Откинув воротник и распахнув полы тулупа, Игнат, похожий на большого разнежившегося кота, неожиданно замурлыкал какой-то непонятный напев, а Перчонком овладело необычайное волнение. Здесь, в лесу, он вдруг почувствовал себя самым счастливым человеком и, не зная, как излить это счастье, так и прорывавшееся на волю, подпрыгивал на дровнях, смеялся, визжал и, засунув в рот два пальца, свистел так, что отдавалось в стволах сосен и встревоженные дятлы разлетались прочь.

Увидев на поляне старую замшелую сосну, неохватный ствол которой уходил куда-то под облака, а под плотной заснеженной кроной, как под крышей, приютилось целое семейство молодых елок, он на минуту застыл с открытым ртом и остановившимися глазами и, наконец, вымолвил с детским изумлением:

— Эх, ай-яй… Вот это да!.. Смотри, братка, какая красота!

Игнат закинул голову и, поразмыслив, сказал:

— Н-да, велика лесина. Тес из такого бревна хорош.

— Шишек-то что на ней, шишек-то! — радовался Перчонок. — Ее, видать, на племя оставили, на развод.

— Дались тебе эти шишки, — оборвал Игнат. — Я вот думаю: цел ли лесок-то наш? Ишь, кругом следы, видать, кто-то тут озоровал.

И действительно, когда братья приехали на колхозную делянку, там уже не было ни одного нетронутого штабеля.

— Руки бы напрочь отрубить таким, ворюгам! — кричал Игнат, остукивая бревна топором. — Да тут на баню и то не хватит.

— А как же изба? — сразу так и угас Перчонок.

— Из чего ты построишь избу, уж не из этих ли жердей? — сердито ответил Игнат и пуще прежнего стал браниться, прихватив между прочим и председателя, который для своих колхозников будто бы сучка жалеет, а ворюгам да пиратам всю делянку отдал на разграбление.

И чем искреннее был гнев Игната, тем жаднее разгорались его глаза. Сбросив с себя тулуп и полушубок, он ворочал дубовой вагой бревна, словно это и в самом деле были простые жерди. Пока Перчонок ковырялся с одним бревнышком, Игнат успевал навалить два порядочных бревна.
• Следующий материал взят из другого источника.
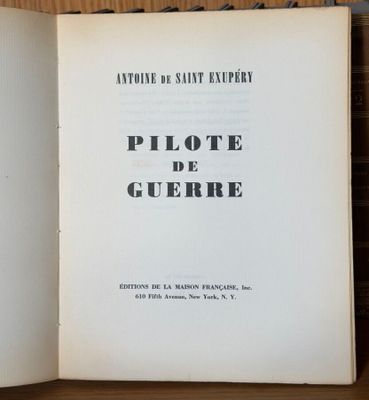 un livre ouvert posé sur une table en bois, avec une photo en noir et blanc
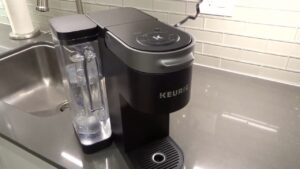 Keurig coffee maker on a kitchen counter with the water tank attached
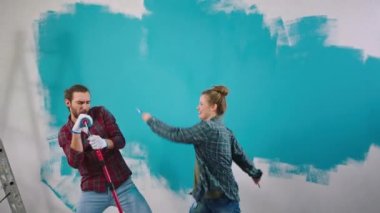 Dans eden heyecanlı beyaz çift duvarları boyarken eve bakıyor fırça rulosuyla dans ediyorlar ve tuhaf hareket ediyorlar. 4k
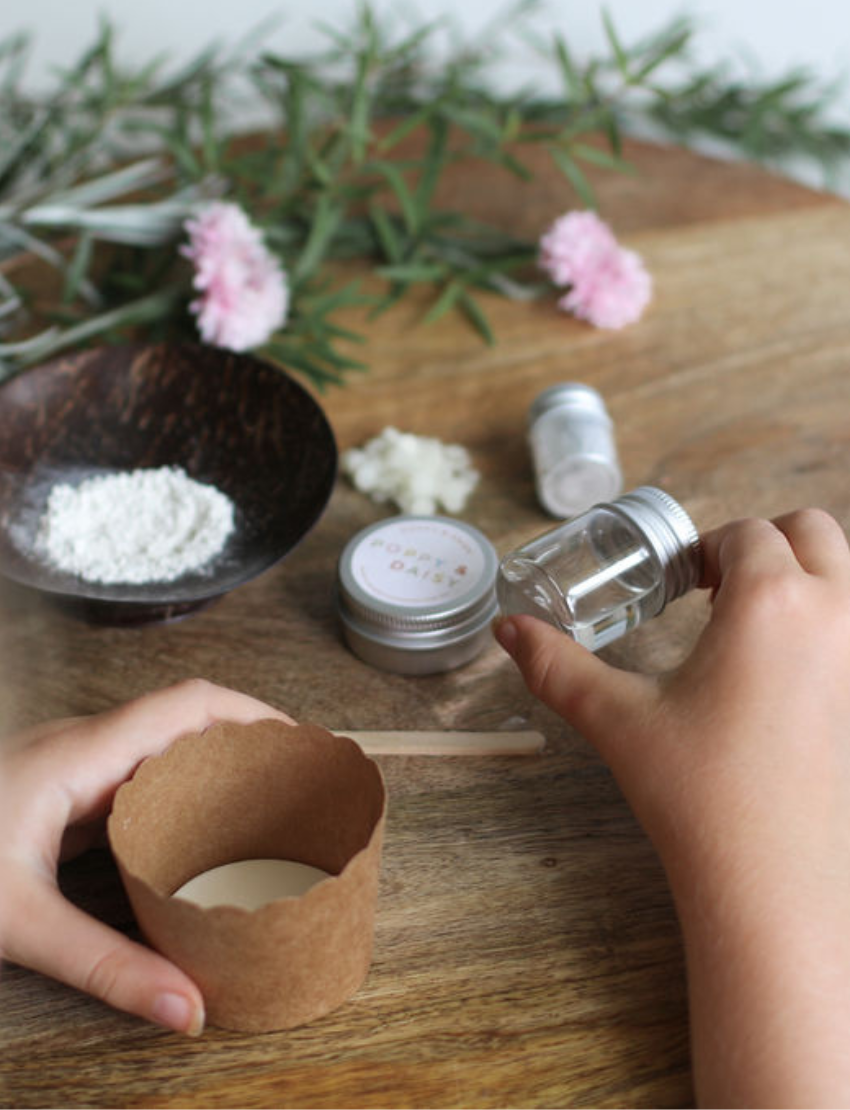 Hands mixing glitter and powder in a paper cup, with a tin and small bottles of Poppy & Daisy body glitter.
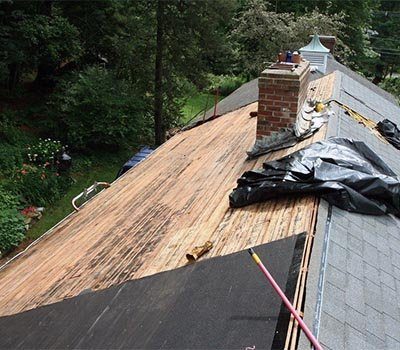 An old roof being torn off around a chimney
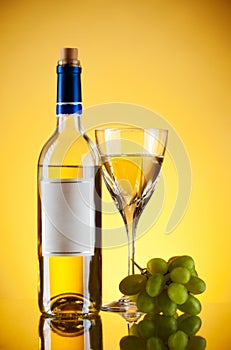 Bottle and glass of wine, grape bunch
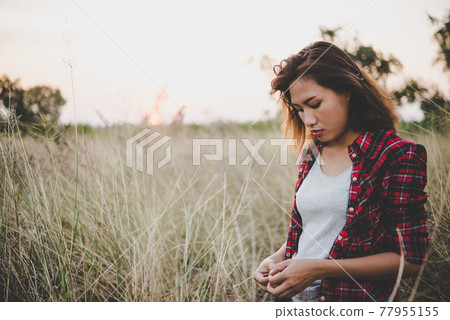 Close up of lonely woman alone in a field. Vintage filter style. Close up of lonely woman alone in a field. Vintage filter style. 77955155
Вскоре он уже свалил один воз на опушке близ дороги и уже накладывал второй.

— Но-о, ты, холера! — спустя некоторое время кричал он на мерина, безуспешно силившегося тронуть с места перегруженные дровни, и в сердцах ударил лошадь вагой по хребту.

То ли от удара, то ли от усилий мерин весь как-то съежился, разом наддал, дровни скрипнули, под полозьями затрещал валежник и гнилые пни.

— Давай, давай, давай! — кричал Игнат, будто леший.

— Смотри, братка, надорвешь лошадь-то, — сказал Перчонок, обгоняя брата с полувозком слег.

Мельком глянув на его поклажу, Игнат ответил очень серьезным голосом:

— Гляди, свою не надорви.

Перчонок, не уловивший насмешки, начал расхваливать Боярыню, которая, по его словам, перетянет тягача и уж, конечно, вывезет любой воз.

— Надо же! — очень натурально изумился Игнат. — Любой воз?

Перчонок заметил, что на районных испытаниях она провезла пятнадцать тонн, но Игнат, хотя и знал об этом, сказал, что не поверит до тех пор, пока не испытает сам. Отказать в такой момент — значит сдаться, и Перчонок передал вожжи брату.